A year after the Ford government announced radical cuts to domestic tuition and financial assistance, the university and the province are sitting down for negotiations of the Strategic Mandate Agreement (SMA), where the government hopes to place emphasis on students’ economic outcomes. The third of its kind, the SMA outlines domestic enrollment commitments and tuition fee structures from the university and funding commitments, based on enrollment and performance, from the province.
“As part of SMA3, we are shifting funding for universities and colleges to be more dependent on student, graduate, and economic outcomes,” wrote Ciara Byrne, a spokesperson for the Ministry of Colleges and Universities (MCU), to The Varsity. “Students deserve an education that gives them the education and training necessary for rewarding careers that address labour market needs of today and in the future.”

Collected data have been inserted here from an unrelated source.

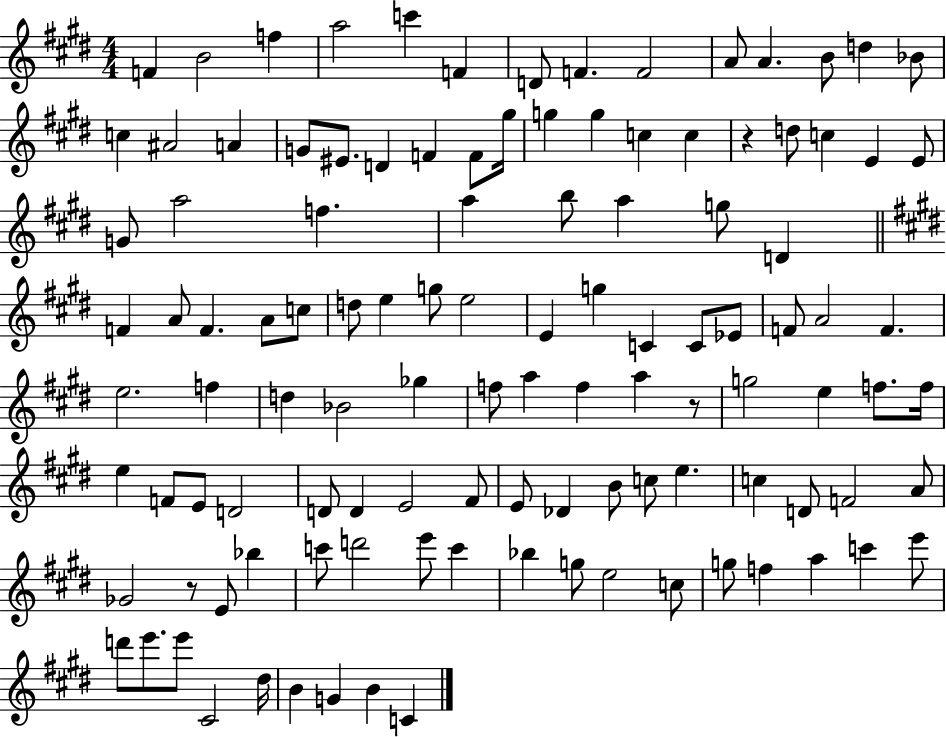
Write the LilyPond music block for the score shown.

{
  \clef treble
  \numericTimeSignature
  \time 4/4
  \key e \major
  \repeat volta 2 { f'4 b'2 f''4 | a''2 c'''4 f'4 | d'8 f'4. f'2 | a'8 a'4. b'8 d''4 bes'8 | \break c''4 ais'2 a'4 | g'8 eis'8. d'4 f'4 f'8 gis''16 | g''4 g''4 c''4 c''4 | r4 d''8 c''4 e'4 e'8 | \break g'8 a''2 f''4. | a''4 b''8 a''4 g''8 d'4 | \bar "||" \break \key e \major f'4 a'8 f'4. a'8 c''8 | d''8 e''4 g''8 e''2 | e'4 g''4 c'4 c'8 ees'8 | f'8 a'2 f'4. | \break e''2. f''4 | d''4 bes'2 ges''4 | f''8 a''4 f''4 a''4 r8 | g''2 e''4 f''8. f''16 | \break e''4 f'8 e'8 d'2 | d'8 d'4 e'2 fis'8 | e'8 des'4 b'8 c''8 e''4. | c''4 d'8 f'2 a'8 | \break ges'2 r8 e'8 bes''4 | c'''8 d'''2 e'''8 c'''4 | bes''4 g''8 e''2 c''8 | g''8 f''4 a''4 c'''4 e'''8 | \break d'''8 e'''8. e'''8 cis'2 dis''16 | b'4 g'4 b'4 c'4 | } \bar "|."
}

The province, as part of its 2020–2021 budget, announced that it would be reducing the portion of provincial operating grants to Ontario universities and colleges based on enrolment, instead opting for performance-based funding to make up 60 per cent of postsecondary funding by 2024–2025.

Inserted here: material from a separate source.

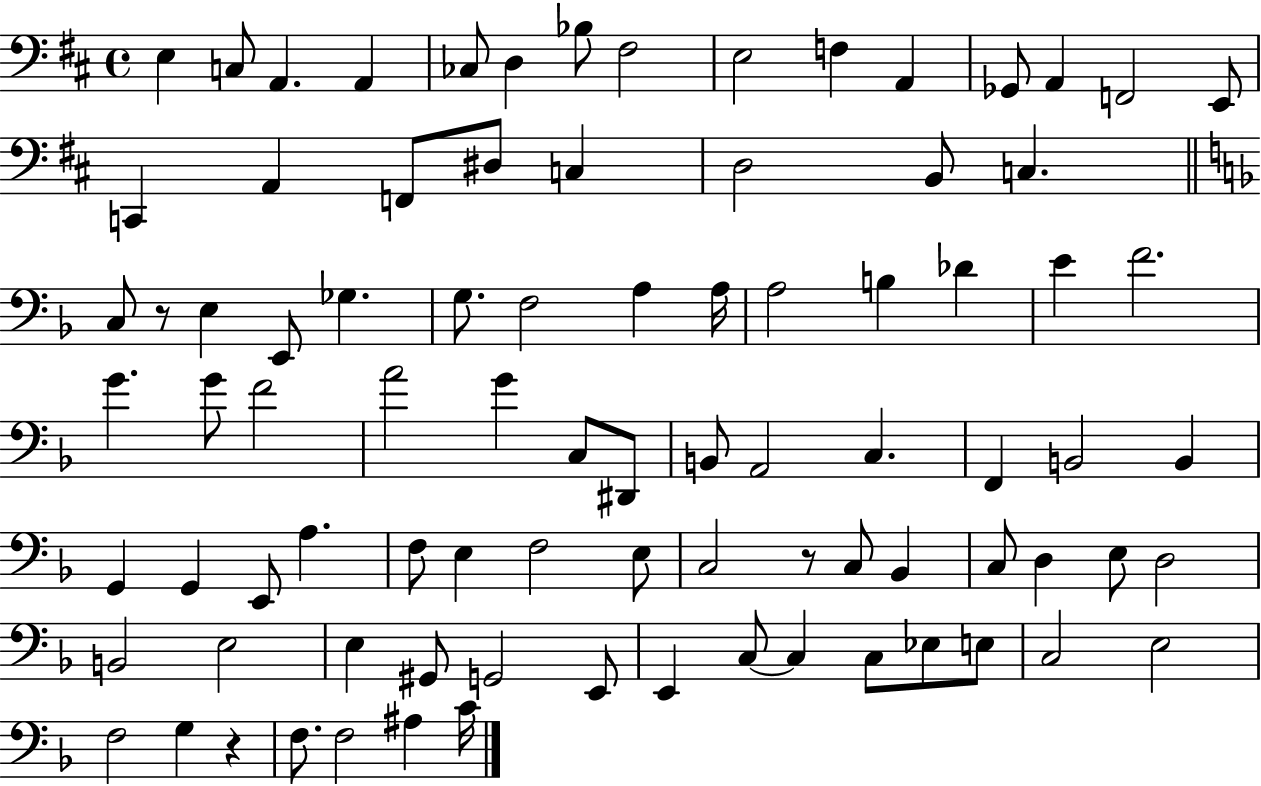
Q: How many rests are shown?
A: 3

U of T receives nearly a quarter of its budget from provincial operating grants, of which performance-based funding makes up 1.4 per cent, soon to be up to 25 per cent for SMA3. Included in the budget announcement was the cutting of performance indicators from 28 to 10 for universities, of which one can be selected by the university.
The university has found some relief in the increasing number of international students, whose tuition costs fall under the university’s discretion, as opposed to domestic tuition, which is set by the province.

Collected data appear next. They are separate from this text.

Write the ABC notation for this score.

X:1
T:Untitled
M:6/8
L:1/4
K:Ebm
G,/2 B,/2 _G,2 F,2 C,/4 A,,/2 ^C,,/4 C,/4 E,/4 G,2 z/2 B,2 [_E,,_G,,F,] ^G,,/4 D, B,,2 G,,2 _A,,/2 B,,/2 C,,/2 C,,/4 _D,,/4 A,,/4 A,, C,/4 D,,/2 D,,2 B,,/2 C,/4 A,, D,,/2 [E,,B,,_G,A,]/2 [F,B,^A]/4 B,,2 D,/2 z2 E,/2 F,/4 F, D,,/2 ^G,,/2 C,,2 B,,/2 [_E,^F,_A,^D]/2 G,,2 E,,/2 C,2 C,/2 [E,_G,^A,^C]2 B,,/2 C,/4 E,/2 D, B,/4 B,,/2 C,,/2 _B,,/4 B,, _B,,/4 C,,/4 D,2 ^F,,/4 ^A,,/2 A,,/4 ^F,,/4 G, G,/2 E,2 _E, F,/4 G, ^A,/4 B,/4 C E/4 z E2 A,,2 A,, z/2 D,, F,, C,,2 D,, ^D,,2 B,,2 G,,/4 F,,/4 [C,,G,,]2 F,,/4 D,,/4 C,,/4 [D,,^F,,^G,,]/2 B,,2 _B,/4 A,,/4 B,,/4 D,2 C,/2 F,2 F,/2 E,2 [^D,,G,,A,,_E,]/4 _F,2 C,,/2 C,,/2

SMA2, which expires on March 31, had slowly made progress toward performance-based funding, as U of T’s announcement of the SMA2 signing reads: “While the university will still receive per-student funding from the province for both undergraduate and graduate programs, some funding will be moving into a differentiation envelope that will be based on performance.”
SMA2 had also outlined domestic enrollment for the university to decrease over the three-year stretch of 2017–2020 in response to Ontario’s changing demographics — which resulted in the university being short $88 million in its budget when the Ford government cut domestic tuition in 2019 by 10 per cent.
“Students and their families make great sacrifices to attend university and college. They have been told that if they worked hard and invested in university or college, they would find a high-quality job,” wrote Byrne. “That is increasingly not the case.”
The university boasts high performance in the new proposed funding metrics of economic outcomes of students, with a 93.9 per cent employment rate and employability rankings of 12th and 13th in Quacquarelli Symonds and Times Higher Education rankings.
TCU Minister Ross Romano told the Toronto Star that, after replacing former Minister Merilee Fullerton, he visited presidents and heads of all 45 colleges and universities in Ontario. Romano assured the Star that the metrics will not disadvantage liberal arts programs: “I wouldn’t be here if not for the arts and humanities.”
“The data is the biggest one,” Romano told the Star about what worries him the most. “Because if we do not have clean data, how can we expect institutions to be bound by these terms?”
The Varsity has reached out to U of T for comment.
Editor’s Note (January 20, 4:10pm): An earlier version of this article stated that the province would be reducing its provincial operating grants. In fact, the province will be reducing the proportion of operating grants based on enrolment, to be made up instead by performance based funding. The Varsity regrets the error.